Australian food giant Woolworths, which operates 1,050 supermarkets nationwide, has so far installed transcritical CO2 (R744) refrigeration systems in 39 stores, including two existing outlets where a retrofit took place.
The transition of legacy stores to natural refrigerants is being undertaken through the company’s “renewal and refurbishment program,” explained Dario Ferlin, Woolworths’ National Sustainable Engineering Manager.
Ferlin shared Woolworths’ refrigeration strategy during an online end-user panel discussion at the ATMO Virtual Trade Show (VTS) on natural refrigerant technologies, held globally on March 30-31. ATMO VTS was organized by shecco, publisher of R744.com.
Woolworths’s two legacy stores were converted to transcritical CO2 without interruption to the store’s business hours, Ferlin said.

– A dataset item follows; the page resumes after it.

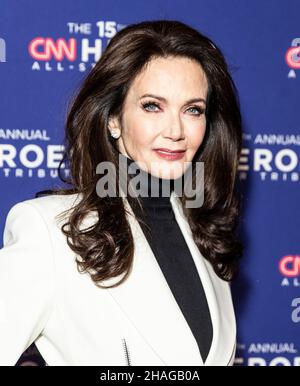 New York, Usa. 12th Dez 2021. Lynda Carter trägt das Kleid von Alexander McQueen bei der jährlichen CNN Heroes All-Star Tribute 15th im American Museum of Natural History (Foto von Lev Radin/Pacific Press) Quelle: Pacific Press Media Production Corp./Alamy Live News Stockfoto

“That’s really where we need to focus our attention because it’s the biggest fruit on the tree and it’s how we start to bridge that gap,” he said. “It is also the most challenging aspect of our transition.”
In addition, wherever feasible, all new stores will be built with transcritical CO2 refrigeration systems, he added.

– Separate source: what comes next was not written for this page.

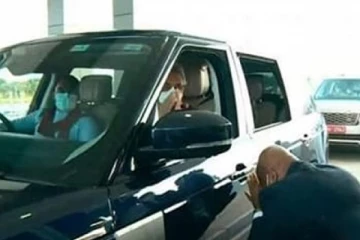 ஜனாதிபதி கோட்டாபயவை கை கூப்பி கும்பிட்ட அதிகாரியால் ஏற்பட்ட சர்ச்சை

Woolworths is also striving to install, where possible, transcritical CO2 refrigeration systems that use heat reclaim and incorporate air conditioning. said Ferlin.
Of its 39 transcritical stores opened to date, 19 have integrated space heating. “What that means is we no longer have to rely on natural gas-fired hot water boilers for the production of space-heating hot water,” said Ferlin
In addition, 11 of those 19, he said, also incorporate space cooling.

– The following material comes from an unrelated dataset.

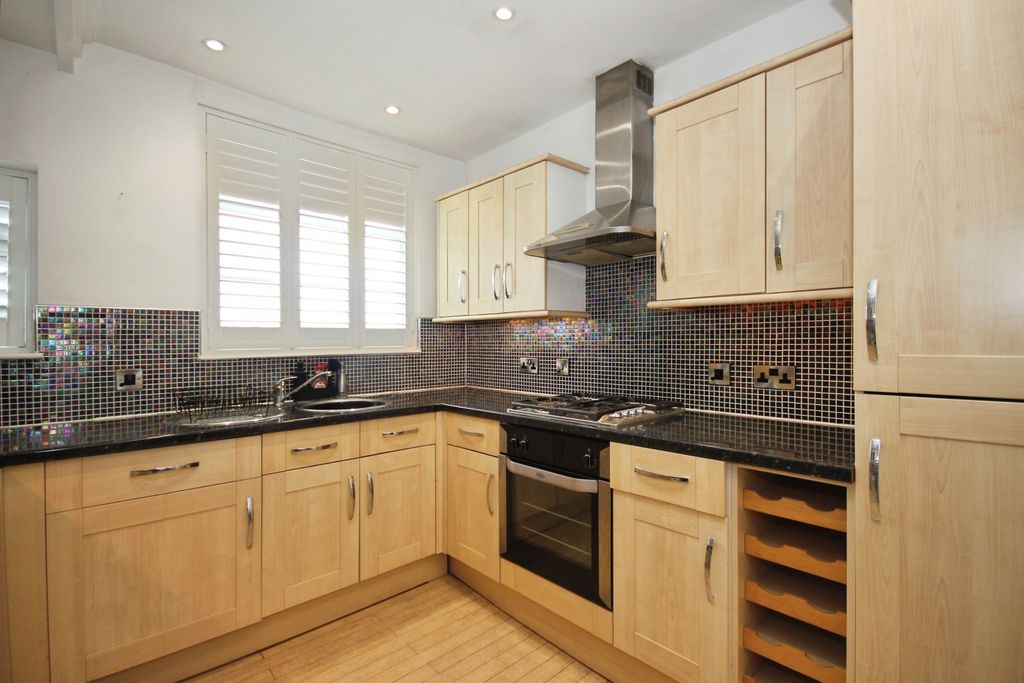 Additional image 8 of 2 bed flat for saleClarendon Square, Leamington Spa CV32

Woolworths began installing transcritical CO2 systems in 2017 at a store in Western Sydney. In addition to the 39 transcritical stores, it also operates more than 350 that use an R134a/CO2 cascade system.
Targeting 60% emissions cut by 2030
Ferlin also discussed the company’s recently released 2019 Sustainability Report, where it announced its commitment to reduce carbon emissions by 60% below 2015 levels by 2030. “That aligns with the objective of limiting global warming to 1.5°C above pre-industrial levels,” said Ferlin.
Ferlin explained that while around three quarters of Woolworths total emissions are indirect and attributable to off-site fossil fuel energy generation, one quarter are direct emissions.
“The lion’s share of direct emissions consists of fugitive refrigerants or specifically fugitive high-GWP synthetic refrigerants,” said Ferlin.
To reduce indirect emissions, Ferlin said the company is using rooftop solar as well as renewable energy purchase power agreements (PPAs). Woolworths has committed to purchasing 100% of its energy through renewable PPAs by 2025.
Regarding the remaining quarter of direct emissions, Ferlin said, “Whilst we’ve made some significant inroads with the adoption of lower-GWP synthetics, i.e., R134a and CO2 cascade, we also have decades of legacy stores that need to be converted.”